Very simply, DC side ground fault detection cannot detect a ground fault on the AC side. (That is the one thing in this discussion that I'm pretty certain of, I'll defer to others on the rest, generally.) Therefore if there is a ground fault in some a piece of equipment - let's say a load, or a piece of distribution equipment in between the inverter and the GFP - there is no independent GFP from the inverter as a source of current.

You have a point that the 'for equipment' language of the exception is quite vauge as to which equipment and where it might be located. However, ground fault detection requirements for the DC side of things are pretty clear in 690. And this is article 705. That strongly implies we're talking about the AC output current of inverters and equipment on the AC side.

I've never had an inspector call us on this. But it doesn't come up very often since it's mainly supply-side connections in a switchboard.

Perhaps the inspectors aren't aware of the code requirement, or don't understand it better than those of us here. This is relatively rare, as you state, and also rather esoteric and into-the-weeds of how this stuff works.

 

[ggunn]

Perhaps the inspectors aren't aware of the code requirement, or don't understand it better than those of us here. This is relatively rare, as you state, and also rather esoteric and into-the-weeds of how this stuff works.

Connecting a commercial PV system on the load side of a panel or switchboard that has an OCPD with GFP is not rare in my world; this is not an academic question for me. Ever since our consultant recommended that we specify GFP on backfed breakers in such a situation I have been doing so, but an outside design house we are using for some projects is pushing back on it.

 

[GoldDigger]

Connecting a commercial PV system on the load side of a panel or switchboard that has an OCPD with GFP is not rare in my world; this is not an academic question for me. Ever since our consultant recommended that we specify GFP on backfed breakers in such a situation I have been doing so, but an outside design house we are using for some projects is pushing back on it.

My only concern is that the breaker may have line and load sides identified, in which case it would not be permitted for backfeeding even if the source of the backfeed is a line interactive inverter and the GF function would still work properly.
If identified with LINE and LOAD, you may need a document from the manufacturer stating that it is suitable for backfeeding despite that labelling.

 

[PWDickerson]

I have run into this twice, and in both instances we installed a separate GFP device between the backfeed breaker and the inverter.

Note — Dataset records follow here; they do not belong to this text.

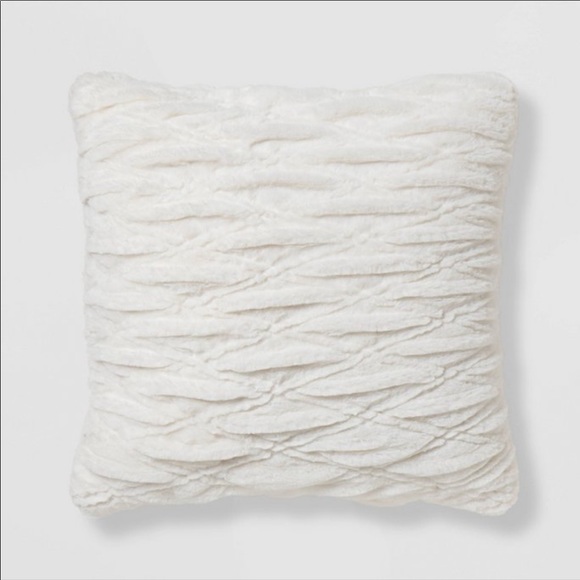 Urban Outfitters x Threshold White Pillow - Picture 4 of 4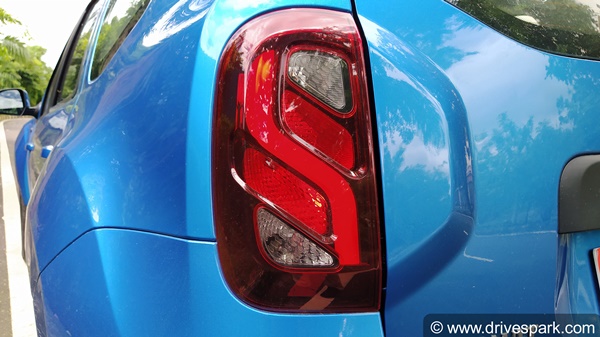 ஹேண்ட்லிங் எதிர்பார்க்கும் அளவில் உள்ளதா..? ரெனால்ட் டஸ்டர் டர்போ காரின் முழு விமர்சனம் இதோ...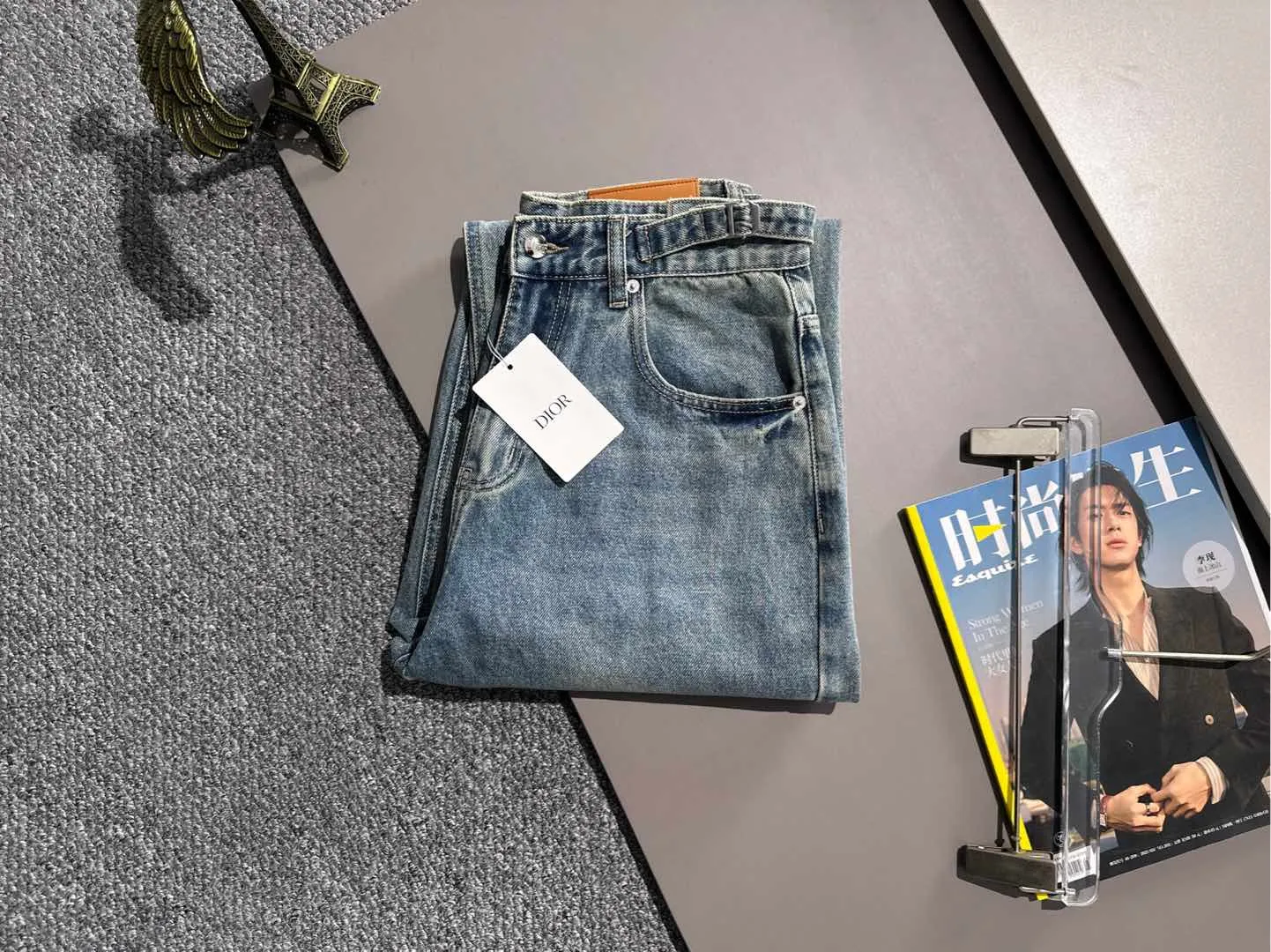 🅿️380 Dior 2025 four-season loose jeans and wide-leg trousers, the trend in the trend! Many fashion bloggers control the upper body. The water is woven from imported Japanese Denim plain cotton denim fabric. It has three standards, is soft, delicate, comfortable and breathable. The color has a modern and fashionable vicissitudes. The upper body is versatile and fashionable! Light luxury, a must-have item for daily commuting! Size: XS-2XL (please state your height and weight when placing an order)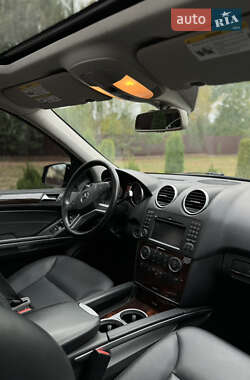 Внедорожник / Кроссовер Mercedes-Benz M-Class 2011 в 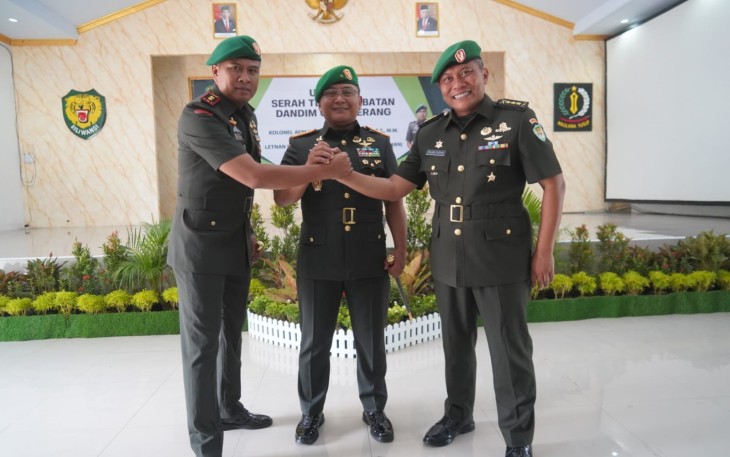 Brigjen TNI Tatang Subarna saat Pimpin Serah Terima Dandim 0602/Serang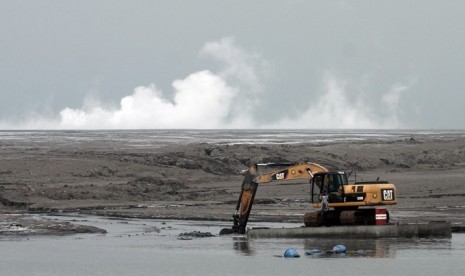 Some workers try to ease the mud flow of Lapindo in Porong, Sidoarjo, East Java. (file)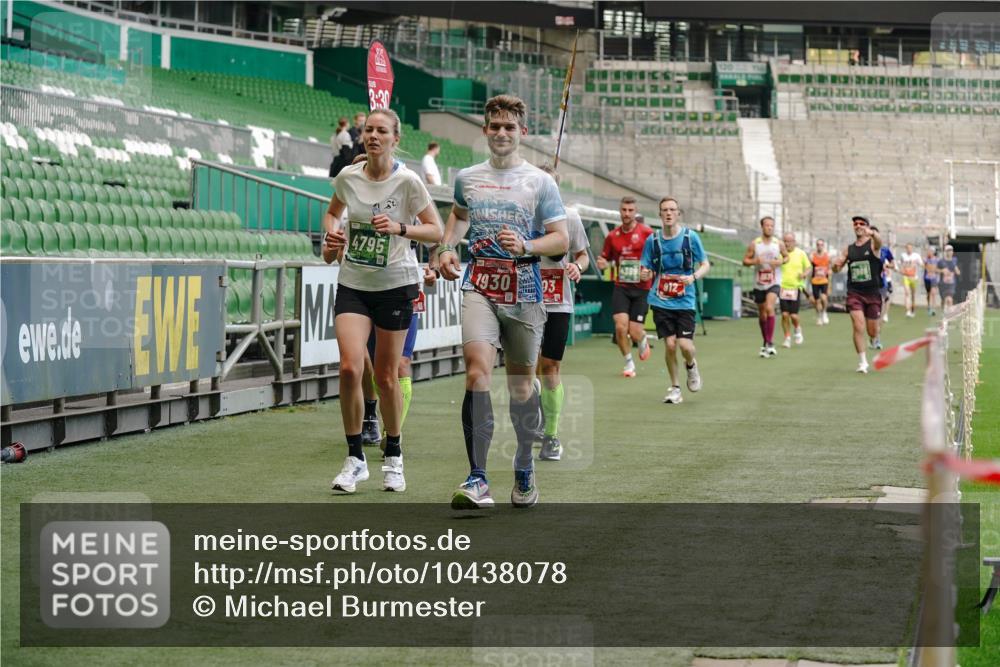 13.09.2026 - 21. swb-Marathon Bremen Michael Burmester http://msf.ph/oto/10438078 13.09.2026 12:40:32 Laufen im Stadion 126, 371, 453, 603, 640, 650, 671, 735, 744, 807, 862, 912, 957, 1136, 1336, 1379, 1381, 1508, 1540, 1571, 1614, 1758, 1795, 1797, 1800, 1852, 1860, 1901, 1930, 1950, 2049, 2099, 2986, 3744, 4381, 4936, 6201, 6630, 7118, 7671, 8065, 8467, 9065, 9329, 9630, 10034, 13080, 13224, 365, 466, 658, 850, 1090, 1288, 1385, 1485, 1583, 1754, 1993, 2073, 2585, 3617, 7244, 7768, 8075, 8729, 13033 meine-sportfotos.de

As JB has stated, solar inverters have ground fault protection on their DC side, but not on their AC side, so the built-in GFP in the inverter cannot be used to satisfy the 705.32 exception.

Seems to me that if a ground fault were to occur, the main breaker would trip, which would cause the solar inverter to shut down, and it wouldn't be a source of current into the fault, and so should be excepted from the requirement.

I am curious to see the solutions presented by others that routinely design larger systems and so run into this problem frequently.

 

[pv_n00b]

Yes, the inverter OCPD requires GFP if the main OCPD has GFP. It's not that big a deal, unless you are using smaller CBs where GFP is just not available. In that case, it falls under NEC 90.4 and the AHJ can make an allowance for equipment that is not available.

 

[ggunn]

I have run into this twice, and in both instances we installed a separate GFP device between the backfeed breaker and the inverter.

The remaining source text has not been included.